◆ Your assignment: Would you print only the lines running from the one with "1802 BRISCOE LANE" to the final line of the data below, word for word and without pictures?

◆ Provided data:
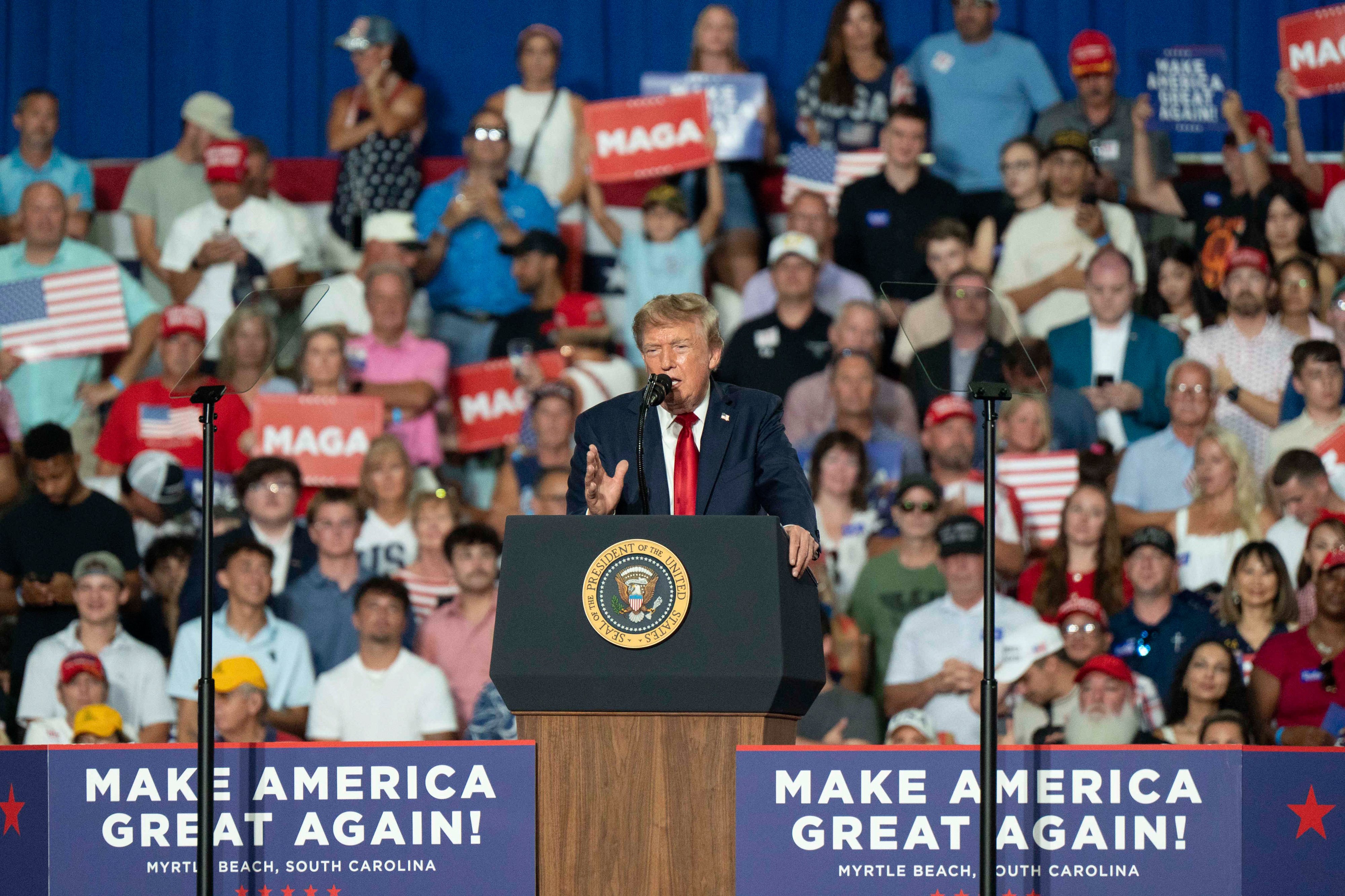 Trump tries new midterm message : Pretend Im on the ballot – NBC4 Washington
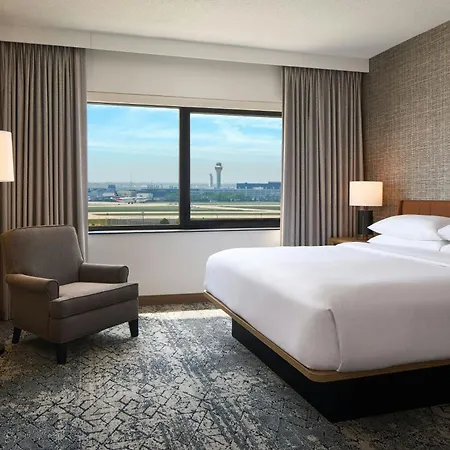 Sheraton Suites Chicago O'Hare-3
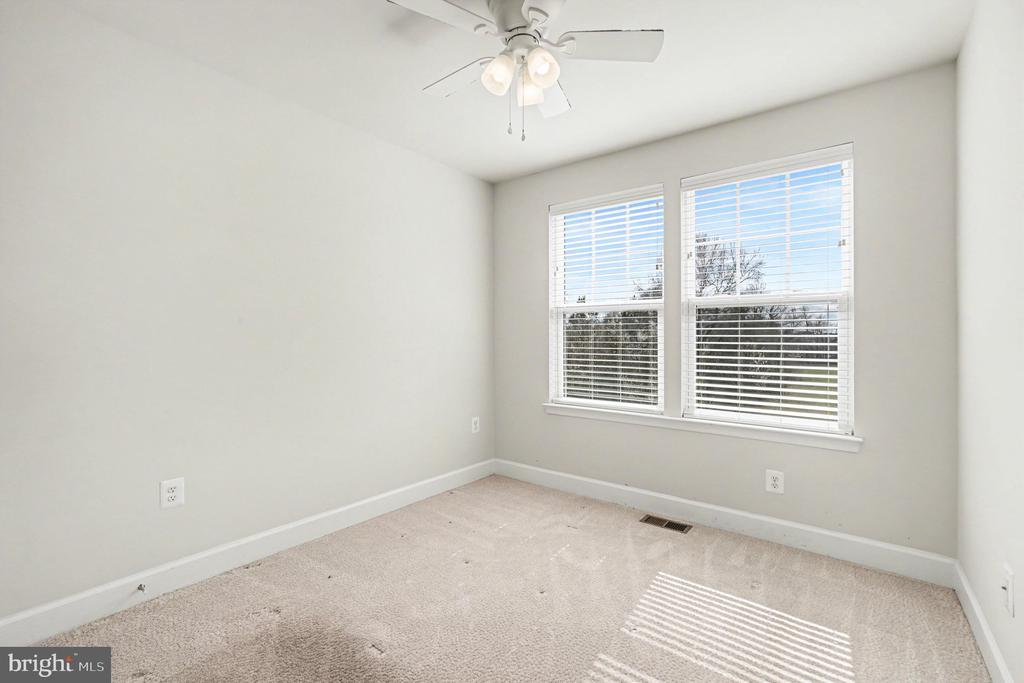1802 BRISCOE LANE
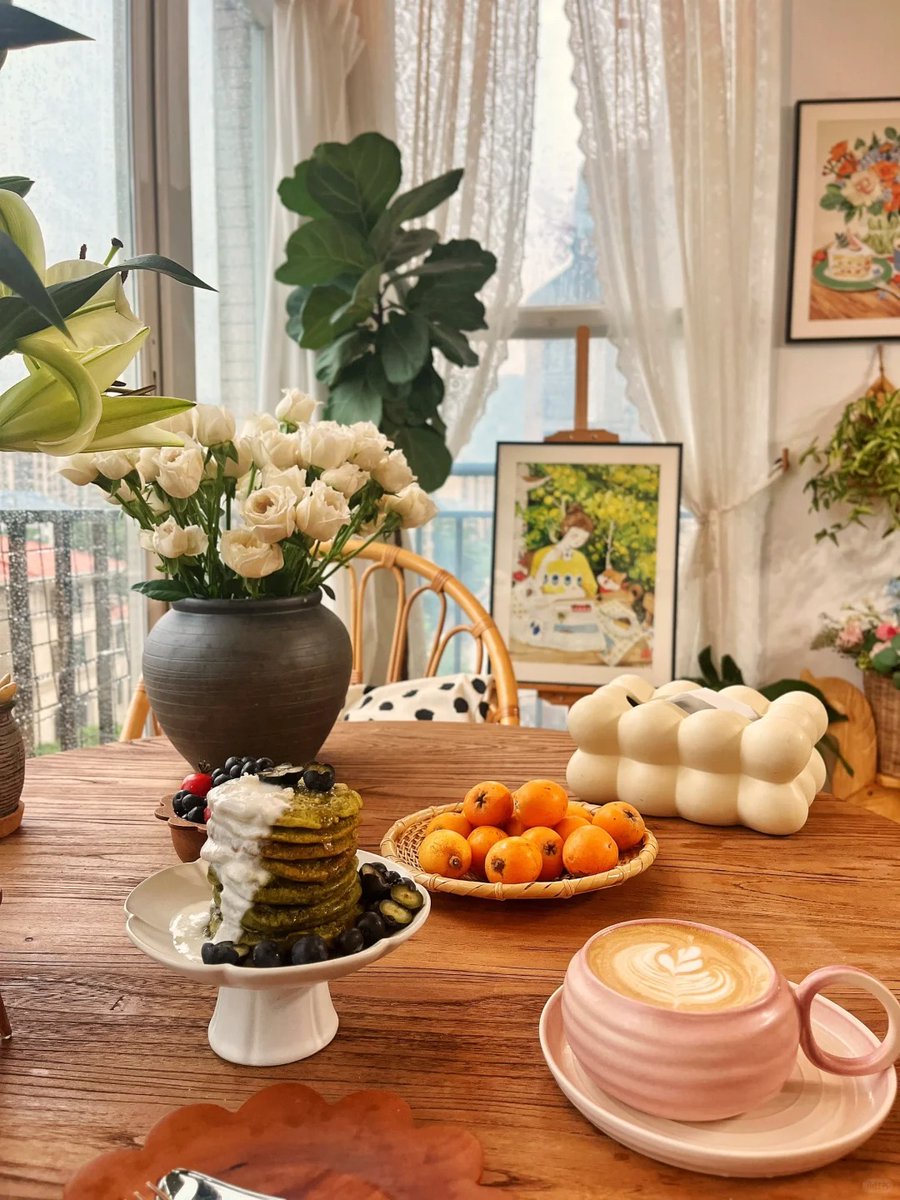 011Flopy's tweet image. "What's a rainy day without some delicious coffee-flavored solitude?"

◆ Exercise result:
1802 BRISCOE LANE
 011Flopy's tweet image. "What's a rainy day without some delicious coffee-flavored solitude?"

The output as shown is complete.